## [What you will do]
Go through the lines below and transcribe each one exactly.

## [Information]
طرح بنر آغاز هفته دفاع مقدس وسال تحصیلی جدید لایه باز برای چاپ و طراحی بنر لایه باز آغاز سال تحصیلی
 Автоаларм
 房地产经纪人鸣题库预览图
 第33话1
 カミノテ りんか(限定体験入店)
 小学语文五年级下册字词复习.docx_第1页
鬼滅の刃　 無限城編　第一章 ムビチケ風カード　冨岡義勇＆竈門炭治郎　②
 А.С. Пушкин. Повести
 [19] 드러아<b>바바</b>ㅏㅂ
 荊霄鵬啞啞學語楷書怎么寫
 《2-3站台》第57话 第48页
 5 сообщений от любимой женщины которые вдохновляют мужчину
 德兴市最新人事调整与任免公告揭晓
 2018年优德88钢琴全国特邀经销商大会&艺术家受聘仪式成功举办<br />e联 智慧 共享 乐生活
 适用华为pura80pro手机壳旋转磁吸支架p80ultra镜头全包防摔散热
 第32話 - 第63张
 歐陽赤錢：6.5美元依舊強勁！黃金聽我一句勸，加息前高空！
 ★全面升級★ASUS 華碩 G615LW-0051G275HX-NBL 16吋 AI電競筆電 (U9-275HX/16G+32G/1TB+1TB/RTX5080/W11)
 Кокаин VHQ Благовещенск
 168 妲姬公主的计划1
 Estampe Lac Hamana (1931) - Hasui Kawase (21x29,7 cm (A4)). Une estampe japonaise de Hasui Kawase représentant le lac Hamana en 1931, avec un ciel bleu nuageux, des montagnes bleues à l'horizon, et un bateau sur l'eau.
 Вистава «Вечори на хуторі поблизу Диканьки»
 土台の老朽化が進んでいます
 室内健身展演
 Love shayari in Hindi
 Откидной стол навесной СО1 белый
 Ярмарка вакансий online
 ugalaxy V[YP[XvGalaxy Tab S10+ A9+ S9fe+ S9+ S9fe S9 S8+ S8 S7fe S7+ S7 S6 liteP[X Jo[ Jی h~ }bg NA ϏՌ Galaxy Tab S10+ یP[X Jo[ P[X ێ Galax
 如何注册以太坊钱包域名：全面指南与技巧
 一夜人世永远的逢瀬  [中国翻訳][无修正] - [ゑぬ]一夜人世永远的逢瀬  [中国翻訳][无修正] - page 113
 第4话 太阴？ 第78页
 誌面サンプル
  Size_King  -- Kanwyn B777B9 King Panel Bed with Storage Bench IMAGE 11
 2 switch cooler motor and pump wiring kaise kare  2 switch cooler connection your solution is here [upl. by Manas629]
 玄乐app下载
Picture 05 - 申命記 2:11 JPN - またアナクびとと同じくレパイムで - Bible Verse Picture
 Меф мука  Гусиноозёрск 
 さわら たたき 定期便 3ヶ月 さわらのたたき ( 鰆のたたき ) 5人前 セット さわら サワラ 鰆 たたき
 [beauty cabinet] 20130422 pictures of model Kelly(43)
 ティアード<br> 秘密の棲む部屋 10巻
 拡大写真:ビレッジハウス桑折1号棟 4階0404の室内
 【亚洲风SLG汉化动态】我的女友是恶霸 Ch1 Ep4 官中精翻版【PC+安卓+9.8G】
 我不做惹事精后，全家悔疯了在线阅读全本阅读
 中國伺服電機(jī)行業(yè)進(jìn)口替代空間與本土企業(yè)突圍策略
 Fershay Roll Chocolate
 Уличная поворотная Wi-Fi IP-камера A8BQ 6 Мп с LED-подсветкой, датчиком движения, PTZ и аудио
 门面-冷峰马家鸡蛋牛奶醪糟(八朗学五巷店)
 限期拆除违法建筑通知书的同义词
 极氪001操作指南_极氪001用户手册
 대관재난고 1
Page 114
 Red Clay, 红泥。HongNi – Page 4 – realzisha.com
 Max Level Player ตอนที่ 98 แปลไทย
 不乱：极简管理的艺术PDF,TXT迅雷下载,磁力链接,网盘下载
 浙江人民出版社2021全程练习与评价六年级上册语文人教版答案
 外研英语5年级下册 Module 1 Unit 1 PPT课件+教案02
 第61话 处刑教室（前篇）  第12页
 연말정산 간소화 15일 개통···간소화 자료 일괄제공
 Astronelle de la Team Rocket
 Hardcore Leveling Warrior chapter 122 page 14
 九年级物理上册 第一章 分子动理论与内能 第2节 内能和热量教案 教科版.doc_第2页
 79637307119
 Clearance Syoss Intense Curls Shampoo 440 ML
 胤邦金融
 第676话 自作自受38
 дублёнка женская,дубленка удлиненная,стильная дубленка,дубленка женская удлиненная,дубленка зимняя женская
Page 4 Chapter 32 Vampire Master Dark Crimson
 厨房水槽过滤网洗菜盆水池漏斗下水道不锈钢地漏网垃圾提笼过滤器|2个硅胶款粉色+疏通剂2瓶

## [Response to the task]
طرح بنر آغاز هفته دفاع مقدس وسال تحصیلی جدید لایه باز برای چاپ و طراحی بنر لایه باز آغاز سال تحصیلی
 Автоаларм
 房地产经纪人鸣题库预览图
 第33话1
 カミノテ りんか(限定体験入店)
 小学语文五年级下册字词复习.docx_第1页
鬼滅の刃　 無限城編　第一章 ムビチケ風カード　冨岡義勇＆竈門炭治郎　②
 А.С. Пушкин. Повести
 [19] 드러아<b>바바</b>ㅏㅂ
 荊霄鵬啞啞學語楷書怎么寫
 《2-3站台》第57话 第48页
 5 сообщений от любимой женщины которые вдохновляют мужчину
 德兴市最新人事调整与任免公告揭晓
 2018年优德88钢琴全国特邀经销商大会&艺术家受聘仪式成功举办<br />e联 智慧 共享 乐生活
 适用华为pura80pro手机壳旋转磁吸支架p80ultra镜头全包防摔散热
 第32話 - 第63张
 歐陽赤錢：6.5美元依舊強勁！黃金聽我一句勸，加息前高空！
 ★全面升級★ASUS 華碩 G615LW-0051G275HX-NBL 16吋 AI電競筆電 (U9-275HX/16G+32G/1TB+1TB/RTX5080/W11)
 Кокаин VHQ Благовещенск
 168 妲姬公主的计划1
 Estampe Lac Hamana (1931) - Hasui Kawase (21x29,7 cm (A4)). Une estampe japonaise de Hasui Kawase représentant le lac Hamana en 1931, avec un ciel bleu nuageux, des montagnes bleues à l'horizon, et un bateau sur l'eau.
 Вистава «Вечори на хуторі поблизу Диканьки»
 土台の老朽化が進んでいます
 室内健身展演
 Love shayari in Hindi
 Откидной стол навесной СО1 белый
 Ярмарка вакансий online
 ugalaxy V[YP[XvGalaxy Tab S10+ A9+ S9fe+ S9+ S9fe S9 S8+ S8 S7fe S7+ S7 S6 liteP[X Jo[ Jی h~ }bg NA ϏՌ Galaxy Tab S10+ یP[X Jo[ P[X ێ Galax
 如何注册以太坊钱包域名：全面指南与技巧
 一夜人世永远的逢瀬  [中国翻訳][无修正] - [ゑぬ]一夜人世永远的逢瀬  [中国翻訳][无修正] - page 113
 第4话 太阴？ 第78页
 誌面サンプル
  Size_King  -- Kanwyn B777B9 King Panel Bed with Storage Bench IMAGE 11
 2 switch cooler motor and pump wiring kaise kare  2 switch cooler connection your solution is here [upl. by Manas629]
 玄乐app下载
Picture 05 - 申命記 2:11 JPN - またアナクびとと同じくレパイムで - Bible Verse Picture
 Меф мука  Гусиноозёрск 
 さわら たたき 定期便 3ヶ月 さわらのたたき ( 鰆のたたき ) 5人前 セット さわら サワラ 鰆 たたき
 [beauty cabinet] 20130422 pictures of model Kelly(43)
 ティアード<br> 秘密の棲む部屋 10巻
 拡大写真:ビレッジハウス桑折1号棟 4階0404の室内
 【亚洲风SLG汉化动态】我的女友是恶霸 Ch1 Ep4 官中精翻版【PC+安卓+9.8G】
 我不做惹事精后，全家悔疯了在线阅读全本阅读
 中國伺服電機(jī)行業(yè)進(jìn)口替代空間與本土企業(yè)突圍策略
 Fershay Roll Chocolate
 Уличная поворотная Wi-Fi IP-камера A8BQ 6 Мп с LED-подсветкой, датчиком движения, PTZ и аудио
 门面-冷峰马家鸡蛋牛奶醪糟(八朗学五巷店)
 限期拆除违法建筑通知书的同义词
 极氪001操作指南_极氪001用户手册
 대관재난고 1
Page 114
 Red Clay, 红泥。HongNi – Page 4 – realzisha.com
 Max Level Player ตอนที่ 98 แปลไทย
 不乱：极简管理的艺术PDF,TXT迅雷下载,磁力链接,网盘下载
 浙江人民出版社2021全程练习与评价六年级上册语文人教版答案
 外研英语5年级下册 Module 1 Unit 1 PPT课件+教案02
 第61话 处刑教室（前篇）  第12页
 연말정산 간소화 15일 개통···간소화 자료 일괄제공
 Astronelle de la Team Rocket
 Hardcore Leveling Warrior chapter 122 page 14
 九年级物理上册 第一章 分子动理论与内能 第2节 内能和热量教案 教科版.doc_第2页
 79637307119
 Clearance Syoss Intense Curls Shampoo 440 ML
 胤邦金融
 第676话 自作自受38
 дублёнка женская,дубленка удлиненная,стильная дубленка,дубленка женская удлиненная,дубленка зимняя женская
Page 4 Chapter 32 Vampire Master Dark Crimson
 厨房水槽过滤网洗菜盆水池漏斗下水道不锈钢地漏网垃圾提笼过滤器|2个硅胶款粉色+疏通剂2瓶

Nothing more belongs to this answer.